Records for this task Start Marker

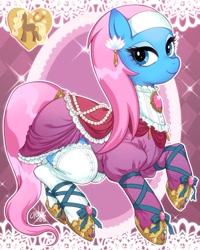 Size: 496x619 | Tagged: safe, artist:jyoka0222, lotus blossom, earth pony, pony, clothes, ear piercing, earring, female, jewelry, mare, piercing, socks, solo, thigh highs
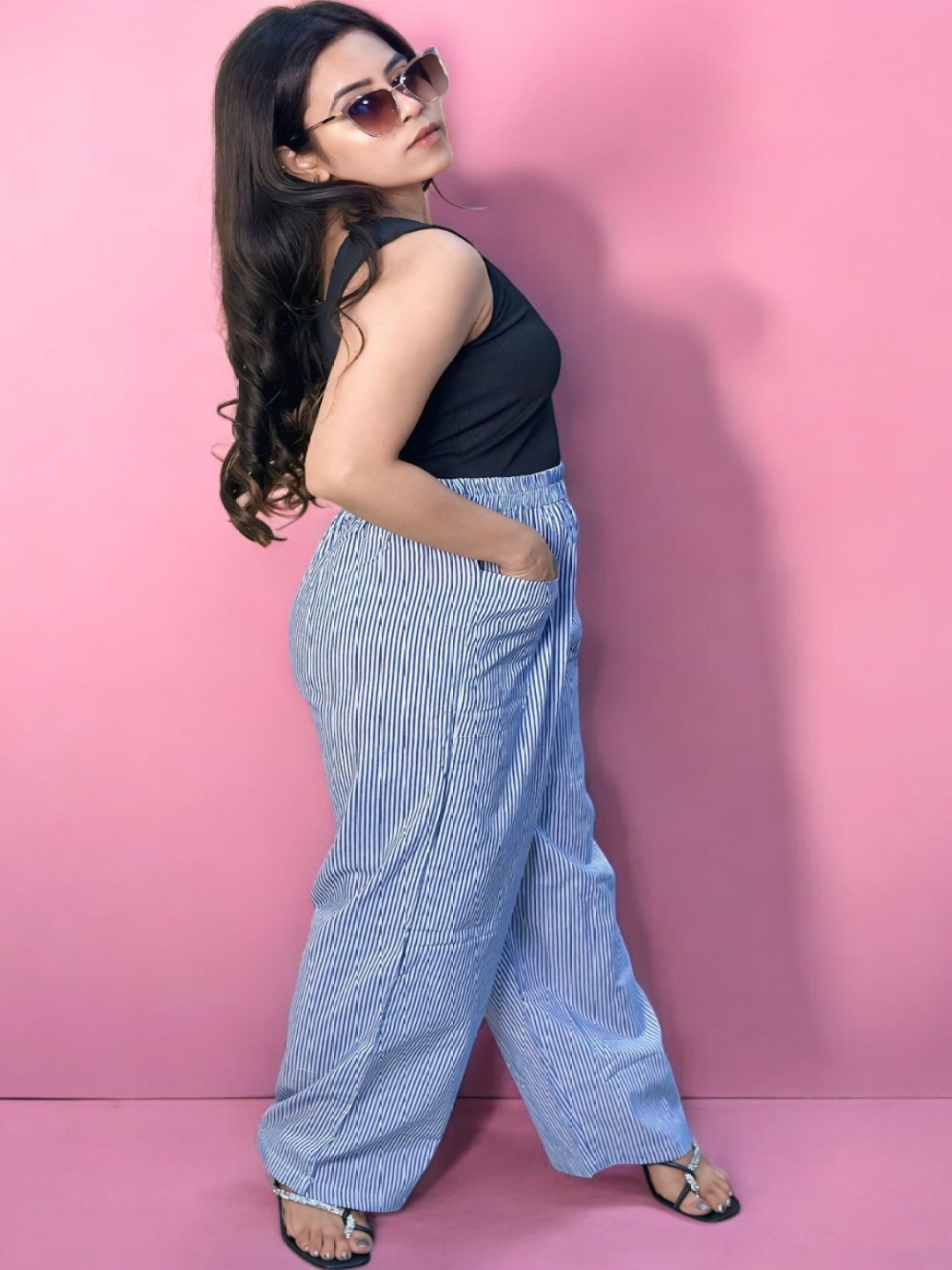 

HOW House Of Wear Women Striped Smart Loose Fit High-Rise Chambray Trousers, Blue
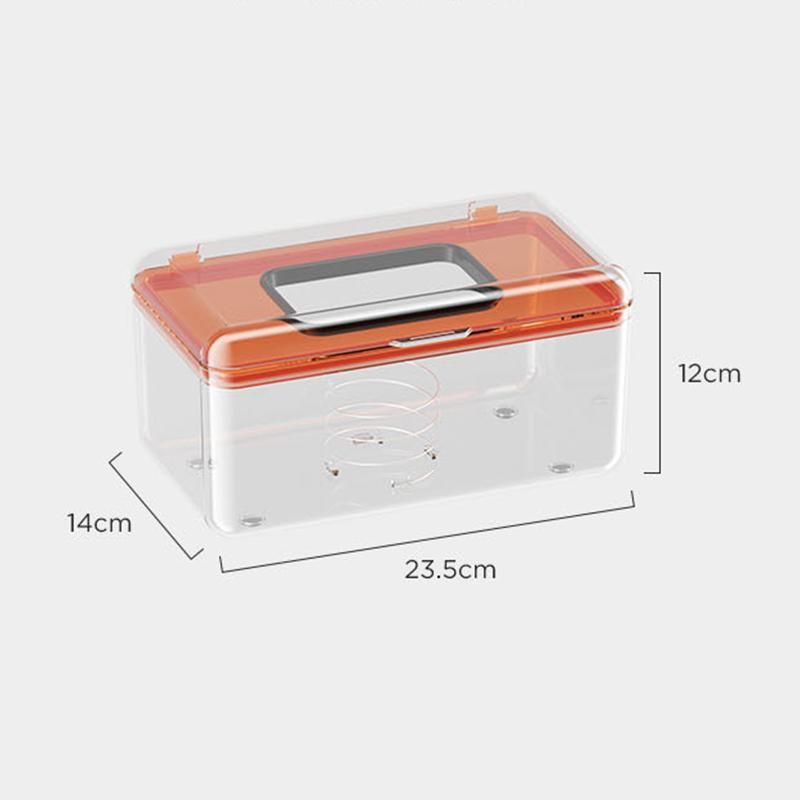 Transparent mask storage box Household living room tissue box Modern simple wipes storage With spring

Records for this task End Marker
Records for this task Start Marker

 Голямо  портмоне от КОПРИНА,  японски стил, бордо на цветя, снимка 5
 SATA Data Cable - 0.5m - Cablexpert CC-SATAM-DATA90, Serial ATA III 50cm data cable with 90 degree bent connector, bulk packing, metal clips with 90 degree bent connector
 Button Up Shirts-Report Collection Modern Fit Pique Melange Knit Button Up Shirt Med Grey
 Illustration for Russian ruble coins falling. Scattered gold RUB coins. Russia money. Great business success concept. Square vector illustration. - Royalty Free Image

Records for this task End Marker
Records for this task Start Marker

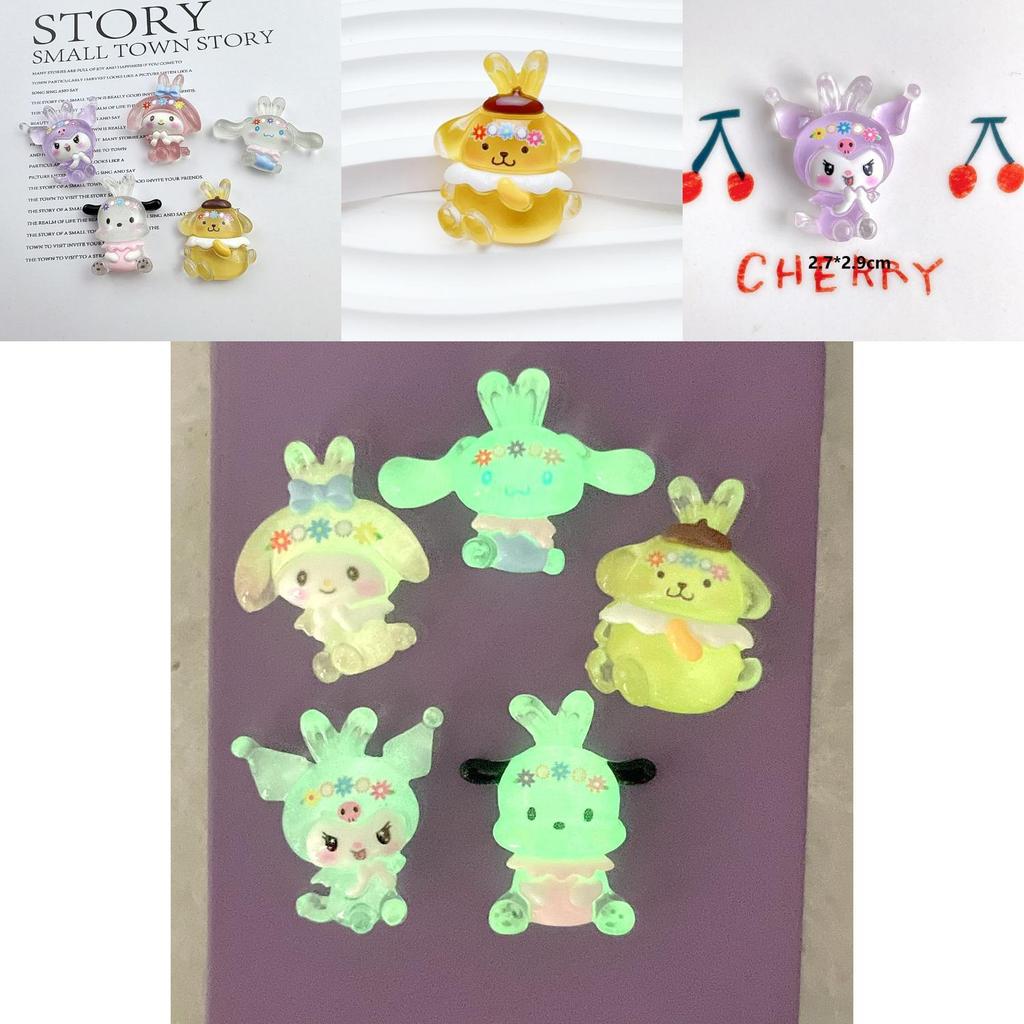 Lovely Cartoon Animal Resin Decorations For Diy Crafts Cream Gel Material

Records for this task End Marker

Description of the task
Your answer must be the lines above from the one holding "Size: 496x619 |" up to and including the one holding "HOW House Of", exact and with no pictures.

The completed task
 Size: 496x619 | Tagged: safe, artist:jyoka0222, lotus blossom, earth pony, pony, clothes, ear piercing, earring, female, jewelry, mare, piercing, socks, solo, thigh highs

HOW House Of Wear Women Striped Smart Loose Fit High-Rise Chambray Trousers, Blue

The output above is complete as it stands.